The Minister of Youth said the policy must also provide accessibility, diversity, social cohesion, volunteerism, transparency, sustainable development and social protection.

The minister said youth policy principles are geared toward teaching youth compassion, creativity, discipline, culture, human dignity, moral awareness, spiritual awareness, patriotism, economic participation, self-expression and leadership.

“All of these are policy values which will strengthen the capacities of our young people,” Hon. Brandy-Richards explained.

Nevis Youth Minister comments

Minister of Youth in the Nevis Island Administration Hazel Brandy-Williams indicatedshe was honoured to be part of the significant moment of youth development in St. Kitts and Nevis.

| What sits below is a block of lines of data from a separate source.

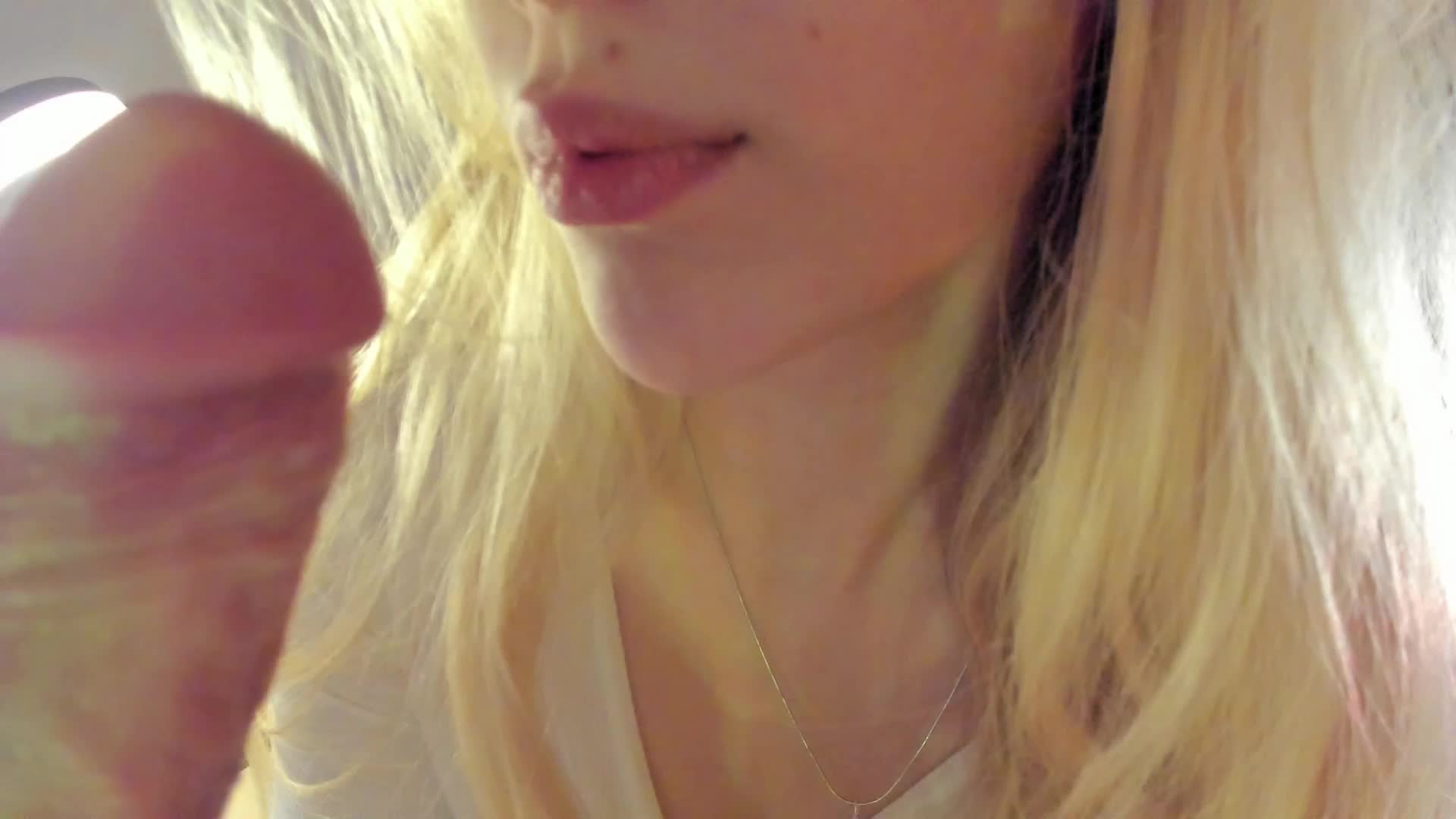 Your-Alice Cam Show Recorded 2025-05-13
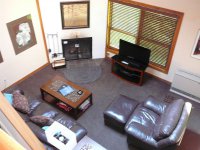 532 East Mountain Trail Creek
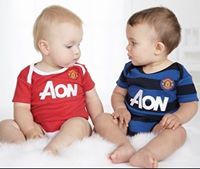 محمد العمري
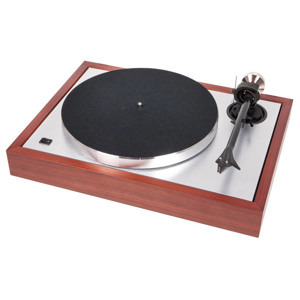 Đầu đĩa than Pro-Ject The Classic Evo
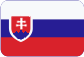 Courtiers en assurance Brno Slovensky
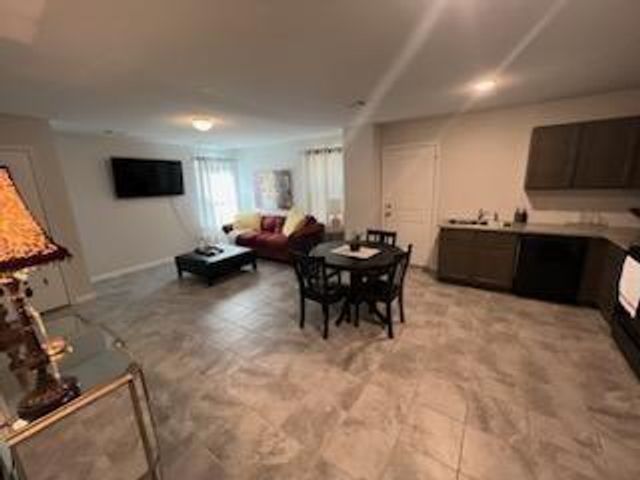 28616 Netawaka, Huntsville, TX 77320
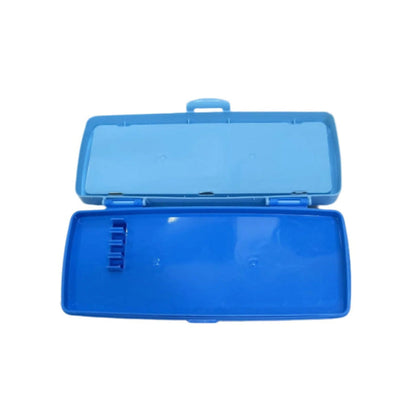 AM5477 Target Pencil Box With Game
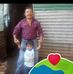 Pedro Jurado - Facebook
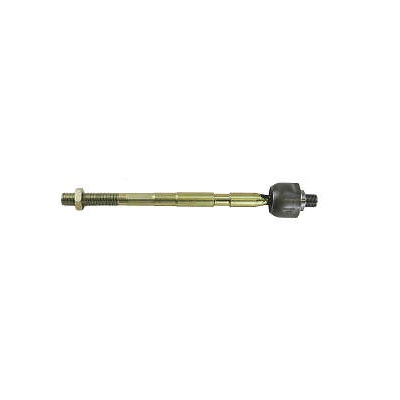 Articulação Axial Perfect BRD0174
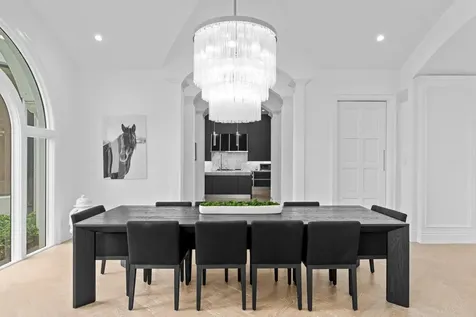 111 Via Palacio Palm Beach Gardens FL 33418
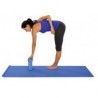 LADRILLO YOGA, PILATES MSD (LACA-04-010202)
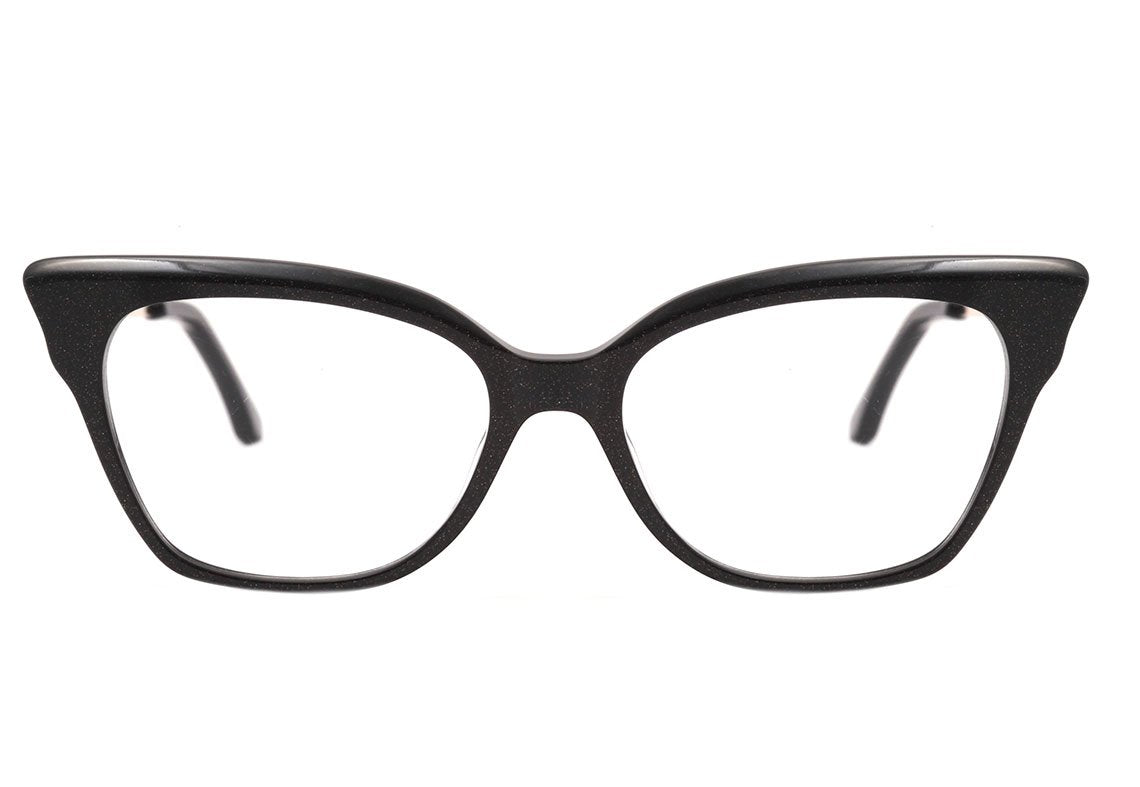 Colcci C6130 Cinza Brilho - Lente 5,5 cm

“Words cannot express the pure joy I feel this morning as an individual who came up through the youth system and is very active in the church and the community,” Minister Williams said.“I had the opportunity to gain hands-on experience in youth work.”

“A youth policy is a guiding document, a point of reference for youth as well as youth practitioners” the minister said. “It is an essential tool for success for any Ministry of Youth and for every government.”

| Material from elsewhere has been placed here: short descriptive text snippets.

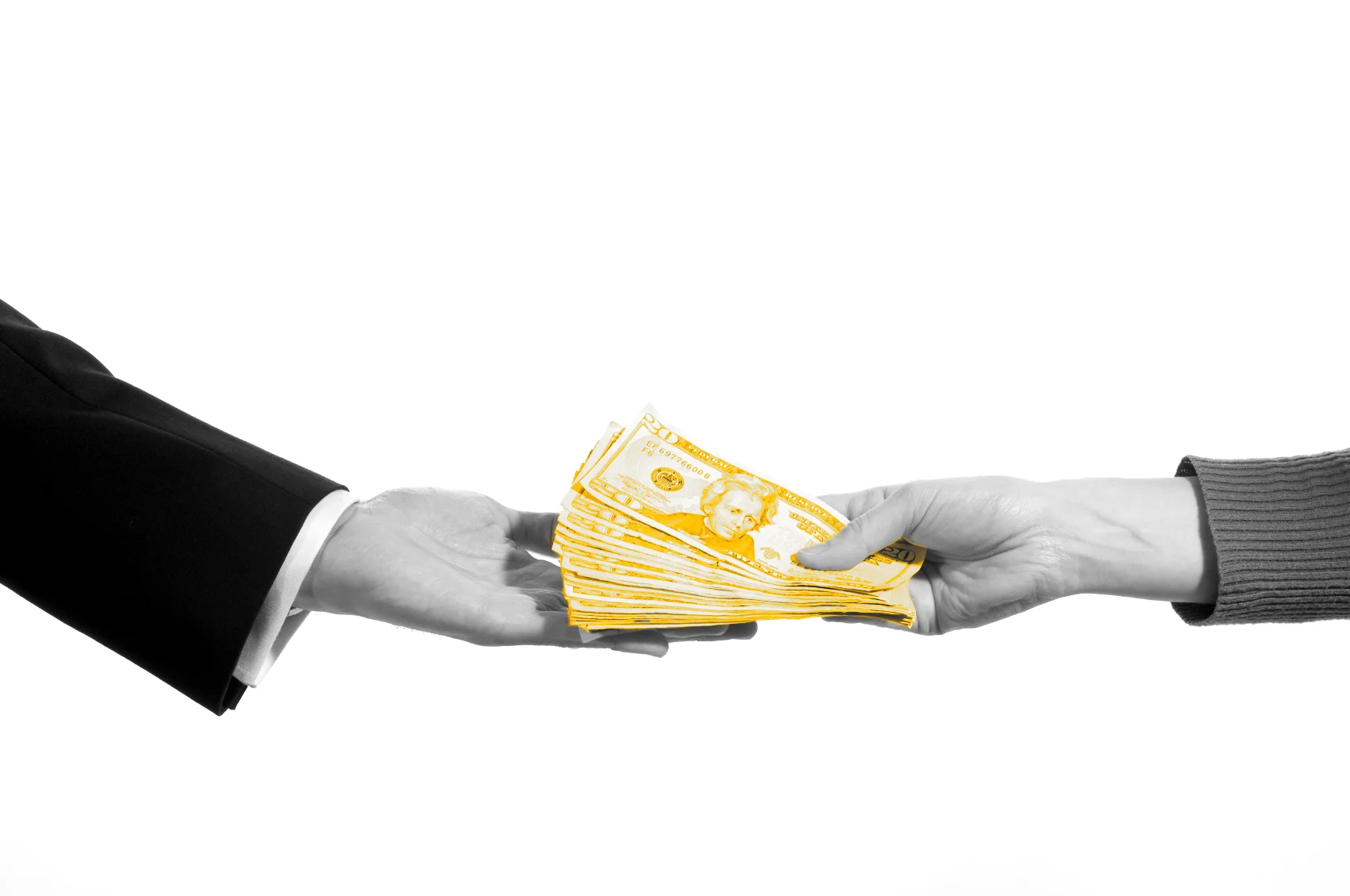 money_exchange_hands copy copy.jpg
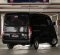 Jual Daihatsu Gran Max 2019 Blind Van di Kalimantan Barat-5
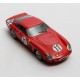 Ferrari 330 LMB 4.0L V12 11 24 Heures du Mans 1963 Matrix MXR40604-033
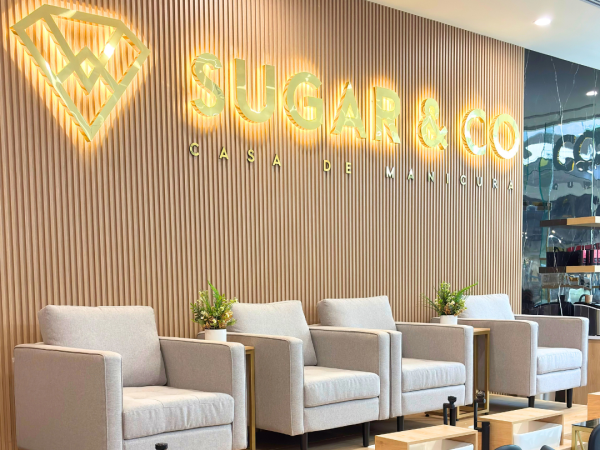 ¿Listo para emprender en 2026? Descubre por qué Sugar&Co es tu mejor opción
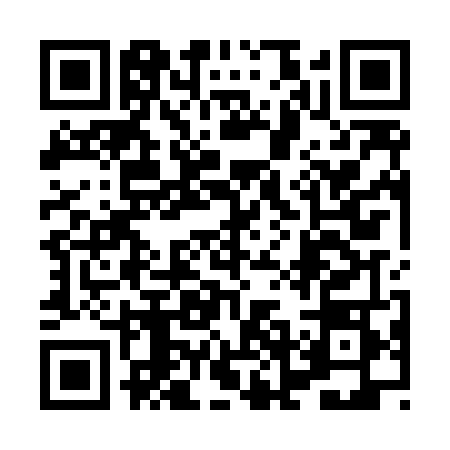 QR code for 8NML489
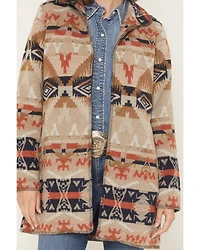 Outback Trading Co Women's Moree Jacket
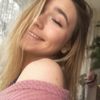 imma_panda_corinne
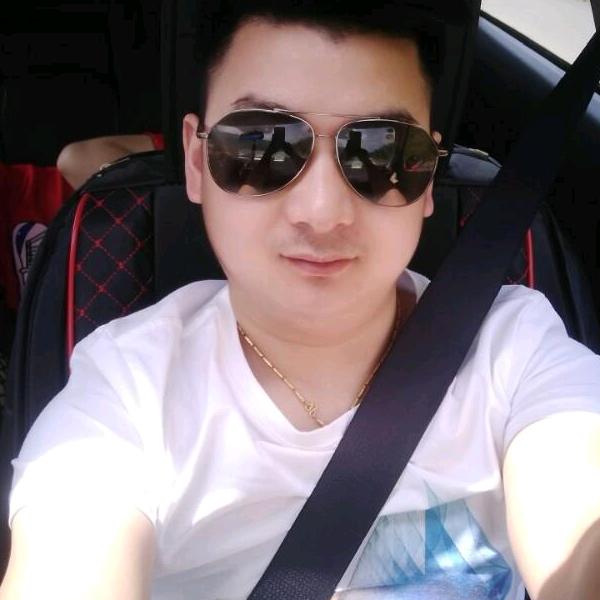 狂狼演艺、婚庆公司【谭小江】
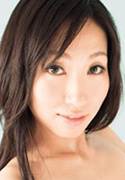 江川美奈子先锋影音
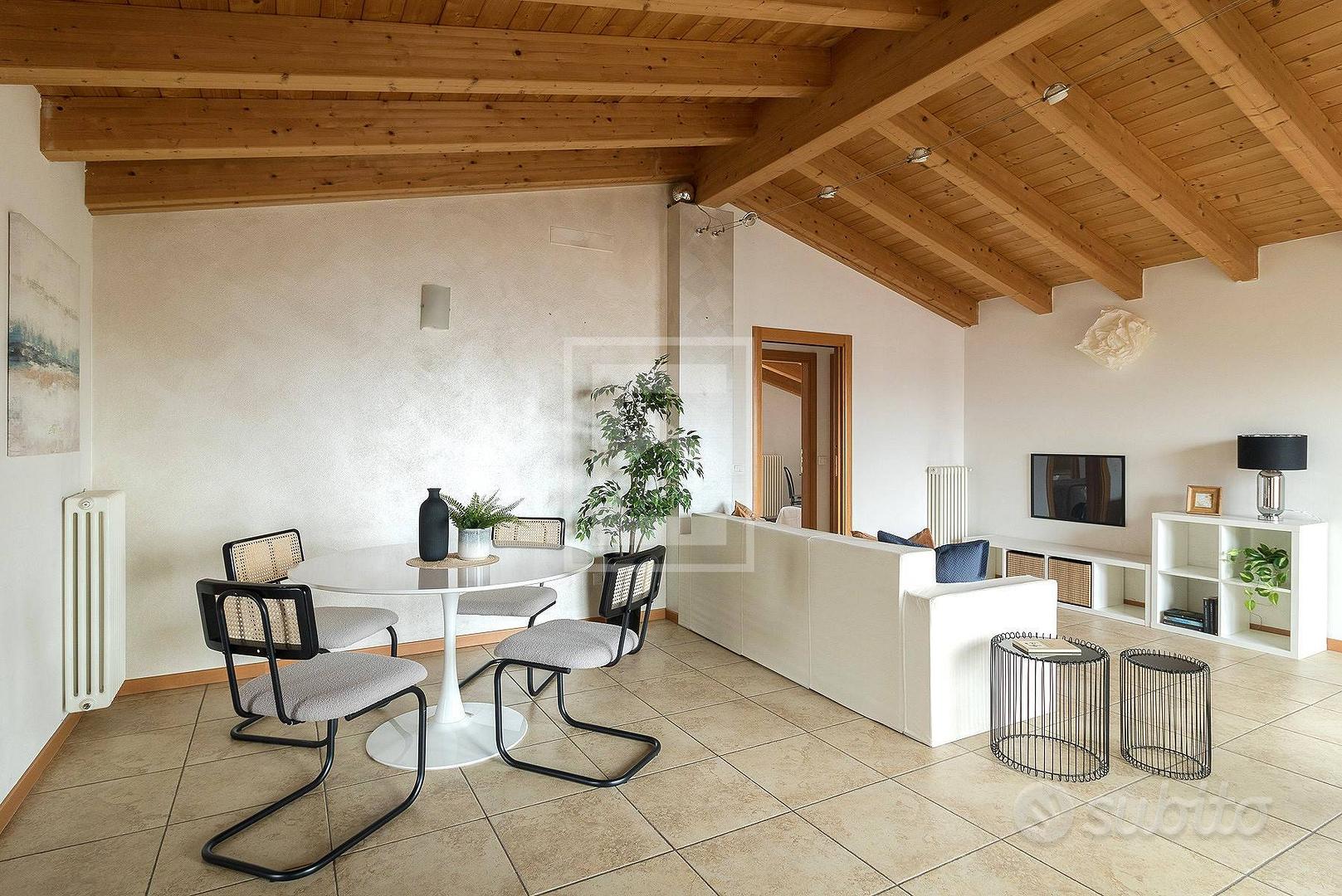 Appartamento – Desenzano del Garda, Chiodino - Vista 5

Brandy-Williams also stated that when she got into office in 2013, her experiences in youth development led her to enquire if there was a national youth policy.

“To my dismay, I learned there was a working document that had been a draft for the last 15 years and therefore, it meant that the Federation of St. Kitts and Nevis did not have a youth policy initiative” Minister Brandy-Williams said.“This led me to put several measures in place to prepare for this bill and I welcome it.”
“I wait in anticipation however, for the day when we can hold the completed document in hand,” the minister said.“Youth development is dynamic, with all the continuous changes, trends and the emergence of new focus areas and terminology… the need for our youth to have a working and proper document has long gone past its sell-by-date.”

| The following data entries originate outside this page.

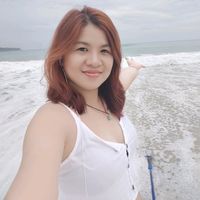 devilouis_liu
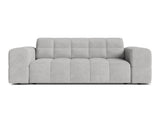 Sofa 661068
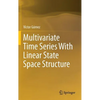 Multivariate Time Series with Linear State Space Structure - Hardcover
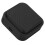 Pad numérico USB con cable, 1-tecla, interruptor azul, ABS 12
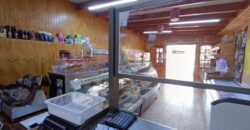 Propiedad + Negocio por $150.000.000 Panadería y Pastelería en pleno funcionamiento 🥖🍰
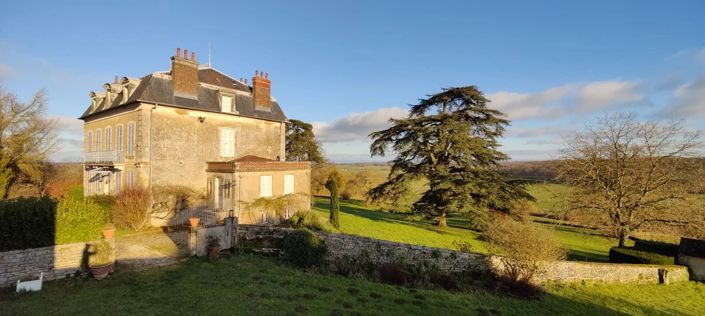 Image No.3-House for sale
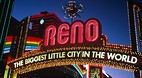 Reno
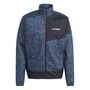 adidas Herren TERREX Trail Running Windjacke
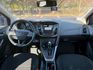 FORD福特 FOCUS  第7張縮圖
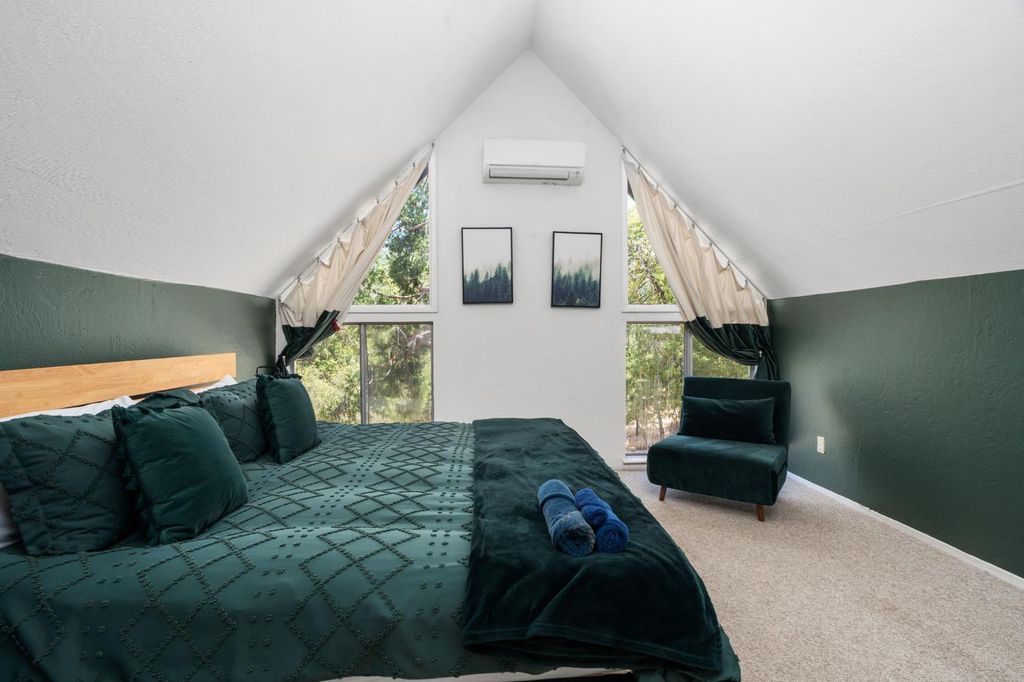 Image 27 of property listing at 5570 Grayling Road, Mariposa, CA 95338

She also stressed the importance of youth development.

“I truly believe every nation’s future is indicative of the investment in youth,” Barker-Williamson explained. “An investment which ensures that capacity-building and sustainability are at its core. A youth policy sets the framework which allows a belief to come to fruition.”

Youth Consultant ‘important initiative’

Dwynette Eversley, Commonwealth Youth Consultant, a key cog in the formation of the draft policy explained the importance of the initiative.

“A youth policy consolidates all the national initiatives and I congratulate the Government on its dedication and commitment to achieving this policy and its action agenda.”

Eversley warned there is no international standard for an initiative like this indicating there are guidelines to follow.

“There is no international standard document we can look at and say this is a policy, but they are several principles,” Eversley explained. “In 2014, the first Global Forum in international youth policy in Azerbaijan, at that forum concluded with a communique establishing the principals around which youth policy should be incorporated.”

“There are about eight basic policies,” she said. “Youth policy should be correct and that means they are founded within the international human rights framework to which St. Kitts and Nevis and all other countries are apart.”

Eversley said youth policy should be comprehensive and prospective.

“No one ministry or department manages a national youth portfolio,” she said. “That is why there is a need for thorough analysis and inter-sectional drafting of a youth policy.Youth policy should be democratic and participatory and involves as a significant component for all young people.”

She described youth policy as inclusive; fairly budgeted and financed;have a gender-sensitive policy and promote gender equality Data will be used draft a Youth Policy which will be presented to Parliament.